### SUPPLIED DATA

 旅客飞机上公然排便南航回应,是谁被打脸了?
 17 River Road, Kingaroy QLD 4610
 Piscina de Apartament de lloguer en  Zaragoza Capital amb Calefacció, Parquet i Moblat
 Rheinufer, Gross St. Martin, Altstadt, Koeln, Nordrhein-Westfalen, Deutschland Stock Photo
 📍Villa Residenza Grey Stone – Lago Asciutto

######
### SUPPLIED DATA

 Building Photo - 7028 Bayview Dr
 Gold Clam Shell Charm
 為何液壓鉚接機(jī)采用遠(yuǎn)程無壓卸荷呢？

######

[ACTIVITY] Please give back exactly the lines of this listing beginning at the line with "Building Photo - 7028 Bayview Dr" and ending with the line with "為何液壓鉚接機(jī)采用遠(yuǎn)程無壓卸荷呢？", both included, and nothing else.

[EXERCISE RESPONSE]
 Building Photo - 7028 Bayview Dr
 Gold Clam Shell Charm
 為何液壓鉚接機(jī)采用遠(yuǎn)程無壓卸荷呢？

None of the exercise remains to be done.